Non-video-game publications gave some strong praise for the game. The A.V. Club gave the Xbox 360 version a B+ and stated: "Filled with countless remember-when moments—as in Remember when you outran that wave of sand?— Shattered Dimensions is less literary and artful than Batman: Arkham Asylum, but it's far more fun". The Daily Telegraph gave it seven out of ten and stated, "the combat, and it's worth noting that this makes up the majority of the game, is superb. It's not particularly deep nor clever, but it's immensely rewarding, as too are the scripted first person sections which exist purely to, yes, let you punch things in the face". However, The Escapist gave the Xbox 360 version three stars out of five and said, "creative set-pieces and an awesome concept can only hide a repetitious game structure for so long - and the stealth sections that mix it up are just frustrating".

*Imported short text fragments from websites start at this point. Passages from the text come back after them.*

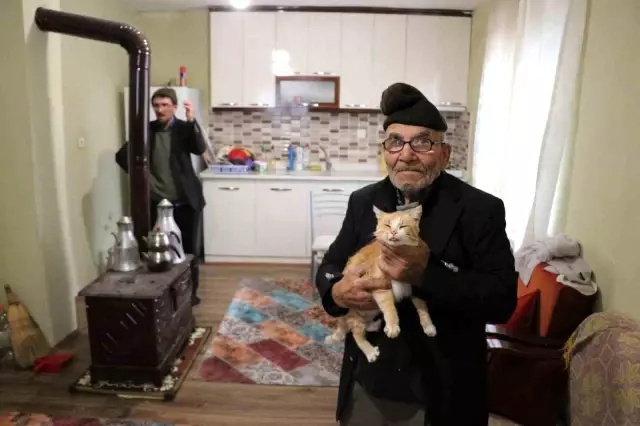 yanan evinin onunde kedisine sarildigi fotogr 19503640 o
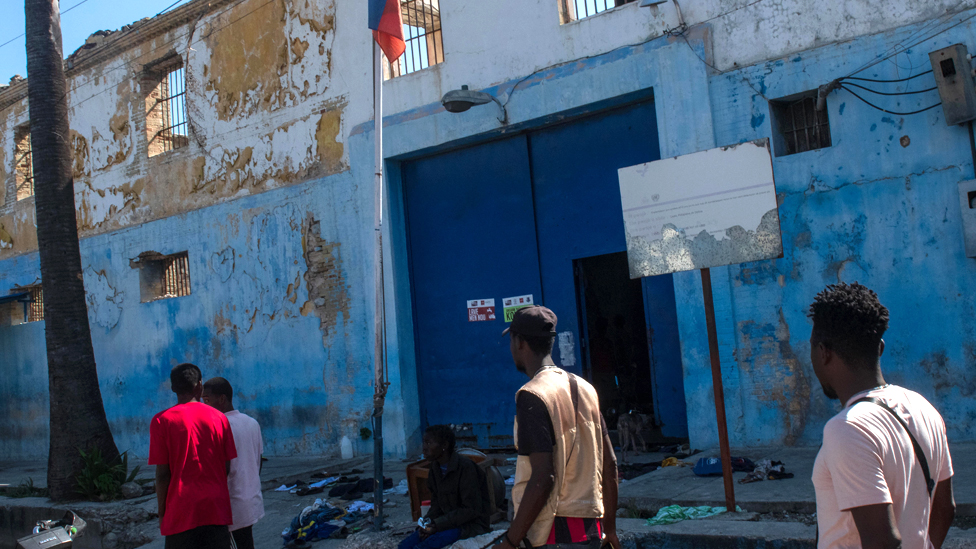 Haiti violence: Haiti gangs demand PM resign after mass jailbreak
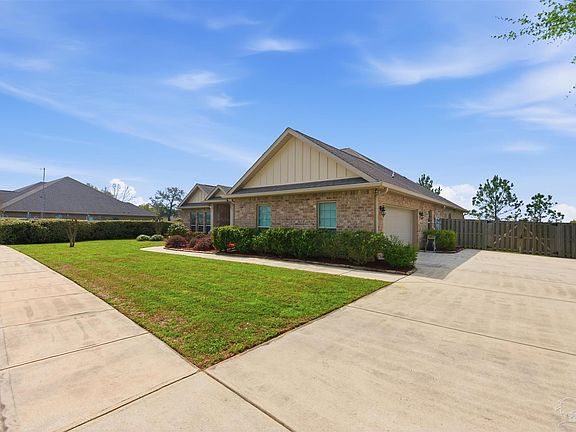 2nd image of 2677 Tulip Hill Rd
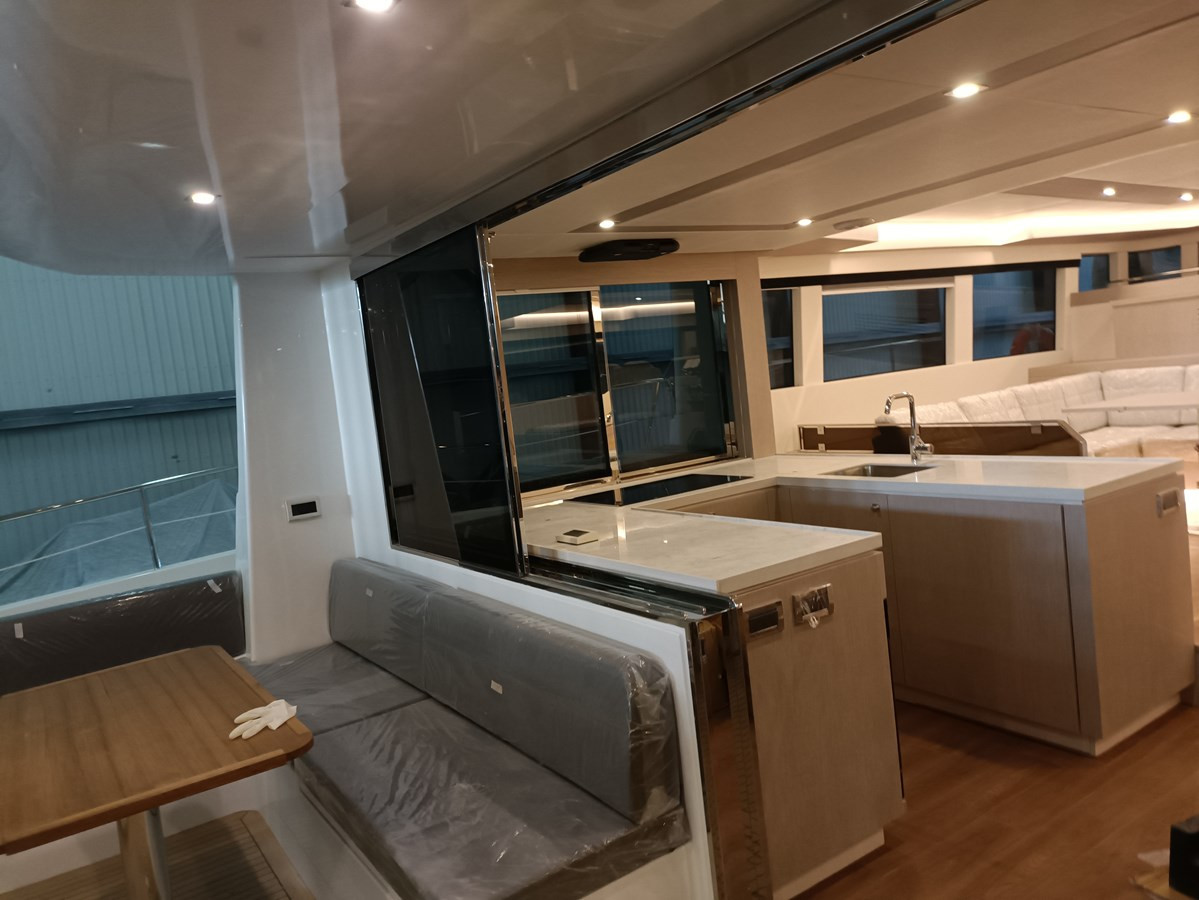 https://arconyachts.ams3.digitaloceanspaces.com/126823/conversions/large_4493035-optimize.jpg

The Nintendo DS version of the game drew mixed reviews. IGN praised the visuals, feeling that they stayed true to the comics. Reviewers felt that overall the 2.5D Metroid-style gameplay was enjoyable, and fit the DS well. Sounds and voice acting were also praised. Some reviewers felt the game was too short, and that not enough emphasis was put on exploring the open world.

Aggregate score
| Aggregator | Score |
|---|---|
| Metacritic | DS: 73/100 PS3: 74/100 WII: 75/100 X360: 76/100 PC: 68/100 |

Review scores
| Publication | Score |
|---|---|
| Destructoid | 6/10 |
| Eurogamer | 7/10 |
| Game Informer | 8.5/10 |
| GamePro | 4.5/5 |
| GameRevolution | B |
| GameSpot | 7.5/10 |
| GameTrailers | 7/10 |
| GameZone | 8/10 DS: 7.5/10 |
| IGN | 8/10 DS/WII: 7.5/10 |
| Joystiq | 3.5/5 |
| Nintendo Power | WII: 8/10 DS: 7/10 |
| Official Xbox Magazine (US) | 7.5/10 |
| PC Gamer (US) | 50% |
| The A.V. Club | B+ |
| The Escapist | 3/5 |

==Legacy==
The premise of a crossover between different versions of Spider-Man that was used in Shattered Dimensions became the inspiration for the 2014 comic book storyline Spider-Verse (the main story of which was also scripted by Dan Slott), which would go on to become one of the most popular and media adapted Spider-Man story arcs, including a 2018 animated Academy Award winning film titled Spider-Man: Into the Spider-Verse, which was later used as the starting point for the Spider-Verse animated franchise. Despite the film borrowing no inspiration from Shattered Dimensions itself, all four playable Spider-Men from the game appear in Into the Spider-Verse, in varying capacities.